This table contains information about the employees, their salary, and the ID of their manager. Some employees do not have a manager (manager_id is null). 

 

Find the IDs of the employees whose salary is strictly less than $30000 and whose manager left the company. When a manager leaves the company, their information is deleted from the Employees table, but the reports still have their manager_id set to the manager that left.

Return the result table ordered by employee_id.

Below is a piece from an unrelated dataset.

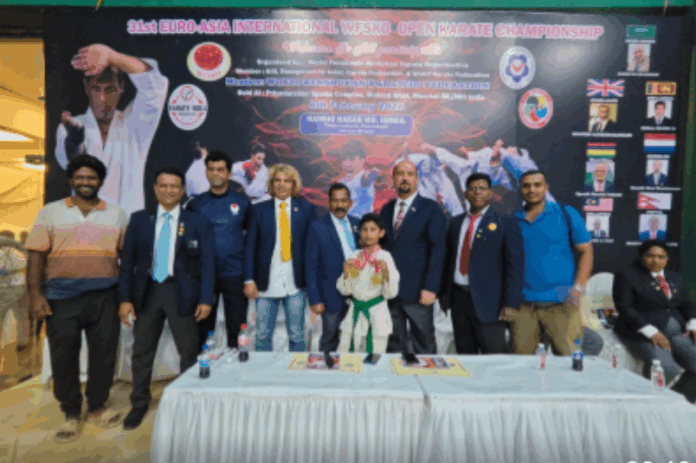 सिंधुदुर्ग जिल्ह्यातील कराटे -पटूंचा आंतरराष्ट्रीय स्तरावर डंका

The result format is in the following example.

 

Example 1:

Input:  
Employees table:
+-------------+-----------+------------+--------+
| employee_id | name      | manager_id | salary |
+-------------+-----------+------------+--------+
| 3           | Mila      | 9          | 60301  |
| 12          | Antonella | null       | 31000  |
| 13          | Emery     | null       | 67084  |
| 1           | Kalel     | 11         | 21241  |
| 9           | Mikaela   | null       | 50937  |
| 11          | Joziah    | 6          | 28485  |
+-------------+-----------+------------+--------+
Output: 
+-------------+
| employee_id |
+-------------+
| 11          |
+-------------+

Explanation: 
The employees with a salary less than $30000 are 1 (Kalel) and 11 (Joziah).
Kalel's manager is employee 11, who is still in the company (Joziah).
Joziah's manager is employee 6, who left the company because there is no row for employee 6 as it was deleted.

Solution Explanation and Code

This problem requires finding employees who meet two conditions: their salary is less than $30,000, and their manager is no longer in the company (meaning their manager_id exists in the Employees table but the corresponding employee record is missing).

Two solutions are provided: one using a LEFT JOIN and another using a subquery. Both achieve the same result but differ in their approach.

Solution 1: LEFT JOIN

This approach uses a LEFT JOIN to connect the Employees table to itself. We join the table on e1.manager_id = e2.employee_id. This effectively links each employee (e1) to their manager (e2). A LEFT JOIN ensures that all rows from the left table (e1) are included, even if there's no matching row in the right table (e2).

The WHERE clause filters the results:

  • e1.salary < 30000: Selects employees with salaries below $30,000.
  • e1.manager_id IS NOT NULL: Ensures the employee has a manager.
  • e2.employee_id IS NULL: This is the key condition. It identifies cases where a manager_id exists in e1 but there is no corresponding entry in e2, indicating the manager has left the company.

Finally, ORDER BY 1 sorts the results by employee_id.

MySQL Code:

SELECT e1.employee_id
FROM
    Employees AS e1
    LEFT JOIN Employees AS e2 ON e1.manager_id = e2.employee_id
WHERE e1.salary < 30000 AND e1.manager_id IS NOT NULL AND e2.employee_id IS NULL
ORDER BY 1;

Solution 2: Subquery

This solution uses a subquery to first identify the employee_ids of managers who have left the company. The subquery (SELECT employee_id FROM Employees) returns all existing employee_ids. The outer query then filters for employees whose salary is less than $30,000 and whose manager_id is not in the set of existing employee_ids (meaning their manager is not in the company anymore).

MySQL Code:

SELECT employee_id
FROM Employees
WHERE salary < 30000 AND manager_id NOT IN (SELECT employee_id FROM Employees)
ORDER BY 1;

Time Complexity Analysis

Both solutions have similar time complexities.

  • Solution 1 (LEFT JOIN): The LEFT JOIN operation has a time complexity that depends on the database's implementation but is generally considered to be O(N log N) or O(N*M) in the worst case for large tables (N and M being the number of rows in the respective tables). The filtering operation in the WHERE clause is linear, O(N), where N is the number of rows after the join.

  • Solution 2 (Subquery): The subquery has a time complexity of O(N) to select all employee_ids. The outer query then performs a linear scan, O(M), where M is the number of rows in the Employees table. The NOT IN operation itself can be computationally expensive, sometimes even causing performance degradation compared to a LEFT JOIN.

In practice, the performance difference might depend on the database's optimizer and the size of the data. Often, LEFT JOINs are optimized better than NOT IN subqueries with large datasets.

Therefore, while both are theoretically O(N), Solution 1 (using LEFT JOIN) is generally preferred for its clarity and often better performance with larger datasets in practice.